## [Assignment]
The expected output is the set of lines below beginning at the one that contains "GOOACC 88Pcs Trim" and ending at the final line, reproduced exactly.

## [Available data]
━━━━━━━━

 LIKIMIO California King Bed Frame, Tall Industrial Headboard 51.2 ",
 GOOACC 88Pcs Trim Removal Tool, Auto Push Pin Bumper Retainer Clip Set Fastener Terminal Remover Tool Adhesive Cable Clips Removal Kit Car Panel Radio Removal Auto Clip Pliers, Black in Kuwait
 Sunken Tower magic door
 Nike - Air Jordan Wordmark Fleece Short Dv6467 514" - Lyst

━━━━━━━━

## [Reply to the task]
 GOOACC 88Pcs Trim Removal Tool, Auto Push Pin Bumper Retainer Clip Set Fastener Terminal Remover Tool Adhesive Cable Clips Removal Kit Car Panel Radio Removal Auto Clip Pliers, Black in Kuwait
 Sunken Tower magic door
 Nike - Air Jordan Wordmark Fleece Short Dv6467 514" - Lyst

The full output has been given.